Parfois, j’allume le téléviseur pour m’informer des dernières turbulences de ce monde. À peine a-t-elle entamé la nouvelle que la lectrice disparaît derrière des images censées illustrer son propos. Pareil pour l’expert. Dès qu’il a prononcé quelques mots, on préfère à son visage des projections qui passent et repassent en boucles infernales. Je cherche dans cette obsédante superposition de tableaux le lien réel avec des paroles dont je perds le fil, distraite par ces remous visuels. Nouvelles ou usées, ces scènes ont toujours, et toujours plus, sur moi le même effet. Mon regard erre, mon oreille s’absente. J’éprouve une angoisse. Toute cette agitation sensorielle m’évide la tête. Ou l’image est insignifiante, ou elle frappe dans le plexus solaire. Dans tous les cas, elle fait trop de bruit. Le message se dilue dans l’état d’engourdissement intellectuel qui m’envahit. L’image, supposée valoir mille mots, l’image me vide de mes mots.
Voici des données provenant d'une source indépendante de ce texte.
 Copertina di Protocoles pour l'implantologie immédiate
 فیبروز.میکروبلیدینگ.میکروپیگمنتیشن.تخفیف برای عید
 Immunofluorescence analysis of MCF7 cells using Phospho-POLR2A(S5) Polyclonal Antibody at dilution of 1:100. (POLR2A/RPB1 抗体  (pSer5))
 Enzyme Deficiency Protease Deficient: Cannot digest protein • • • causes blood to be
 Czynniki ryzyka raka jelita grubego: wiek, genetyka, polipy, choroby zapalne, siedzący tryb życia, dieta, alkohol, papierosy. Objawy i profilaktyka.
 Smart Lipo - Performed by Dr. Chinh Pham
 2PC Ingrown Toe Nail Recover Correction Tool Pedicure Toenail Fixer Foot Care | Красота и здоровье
Si seules les actualités posaient problème, il n’y aurait pas de quoi s’affoler. Mais il me semble bien que ce ne soit que la pointe de l’iceberg. Que l’image est victime de déprédation. Sous la botte de ceux qui la manipulent, elle distrait et elle dicte. Elle me prive de ma capacité de sentir et de penser, instillant en moi des sens préfabriqués. Elle se multiplie, elle me poursuit, elle m’assaille dans des lieux – gares, autobus, salles d’attente – où, faute d’étourdissements, je pourrais bien me laisser aller à réfléchir, à méditer, à rêver. À passer du temps avec moi-même.
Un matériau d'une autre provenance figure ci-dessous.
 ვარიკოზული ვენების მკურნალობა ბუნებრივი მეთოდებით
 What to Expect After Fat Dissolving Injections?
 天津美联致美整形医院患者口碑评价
L’agression ultime, je l’ai vécue lors des funérailles d’une amie très chère. Dans la chapelle, sur le mur avant, au-dessus du cercueil, bien en vue, on a eu l’idée d’installer un grand écran et le trait de génie de projeter des scènes bucoliques pendant l’écoute des pièces musicales. Une onde rafraîchissante courait entre les arbres, un ruisseau tombait en cascade sur des roches. J’aime l’eau plus que tout. J’aurais pu me laisser emporter dans l’apaisement et l’espérance que suggéraient ces paysages. Déjà menacée en permanence d’une perte de contact avec le fond douloureux de mon âme, les images cherchaient à m’extraire d’une peine fragile, comme tout ce qui est insupportable. Il m’a fallu fermer les yeux. La musique m’a pénétrée et m’a rendu la liberté de sentir et d’être. D’être dans cette désolation de l’irréversible.
Cette expérience m’a fortement atteinte. L’écran, comme une bête rampante, investissait maintenant les lieux sacrés. Il fallait me rendre à l’évidence que l’image, celle qui est utilisée et manipulée pour distraire et pour dicter, est un bulldozer qui ne reculera devant rien pour aplanir nos paysages intérieurs.
L’humain a peur du silence, celui que rencontre l’oreille, mais surtout, celui sur lequel bute le regard. L’humain a peur de ce qui, montant des profondeurs, demande à se montrer et à se dire. Comme tous, j’ai peur de ces mondes indomptés qui m’habitent. Pourtant, qu’est la vie, sinon la quête sans fin de l’être que nous sommes et qui se réfugie derrière le tumulte de nos existences?